**DESCRIPTION OF THE TASK:**
Transcribe exactly the entries from the "TVアニメ『Re:ゼロから始める異世界生活』の新商品が登場！｜驚安の" line to the end, both included, minus pictures.

**INPUT DATA:**

========================================================================

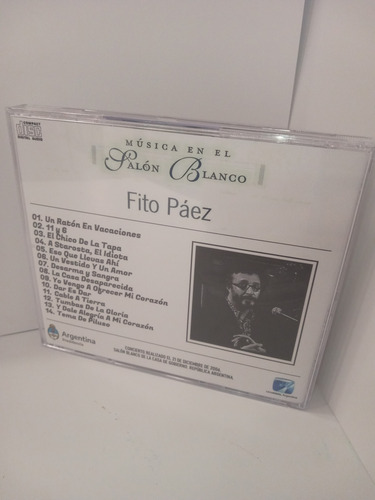 Fito Paez - Música En El Salón Blanco (audio) Estándar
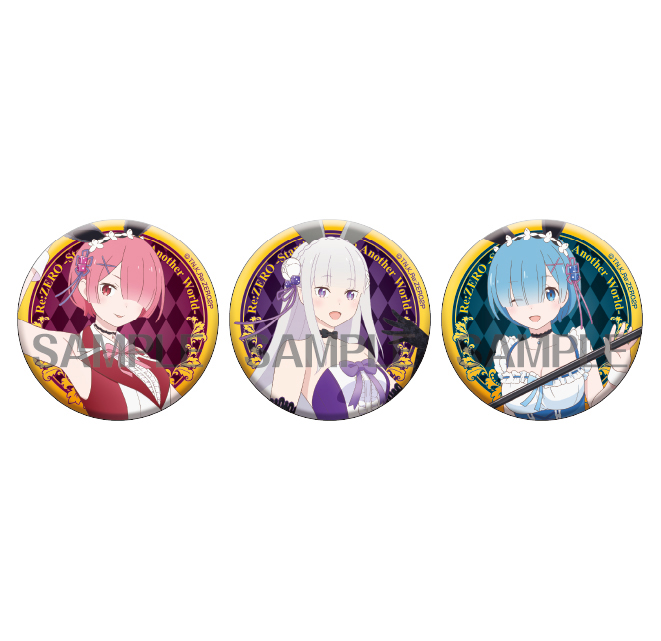 TVアニメ『Re:ゼロから始める異世界生活』の新商品が登場！｜驚安の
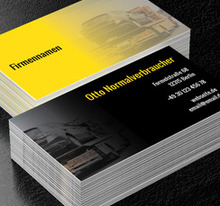Schnelle Pannenhilfe in jeder Situation, Transport, Pannenhilfe - Visitenkarten Netprint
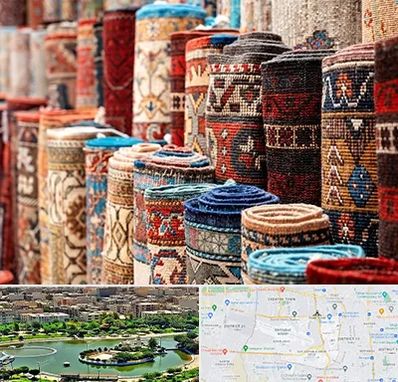 فروشگاه فرش در منطقه 9 تهران 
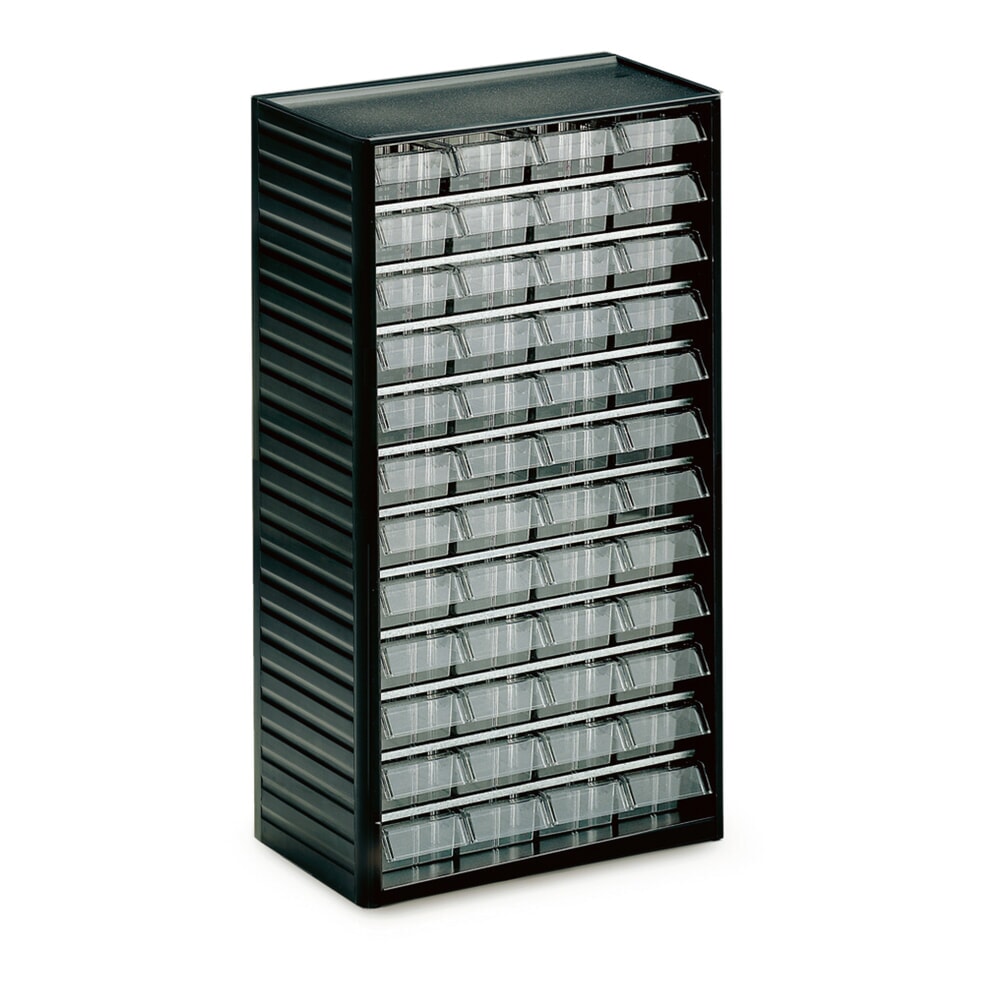 Produktabbildung: TRESTON Kleinteilemagazin Premium, Höhe 550 mm, 48 Schubladen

========================================================================

**SOLUTION FOR THIS EXERCISE:**
 TVアニメ『Re:ゼロから始める異世界生活』の新商品が登場！｜驚安の
Schnelle Pannenhilfe in jeder Situation, Transport, Pannenhilfe - Visitenkarten Netprint
 فروشگاه فرش در منطقه 9 تهران 
 Produktabbildung: TRESTON Kleinteilemagazin Premium, Höhe 550 mm, 48 Schubladen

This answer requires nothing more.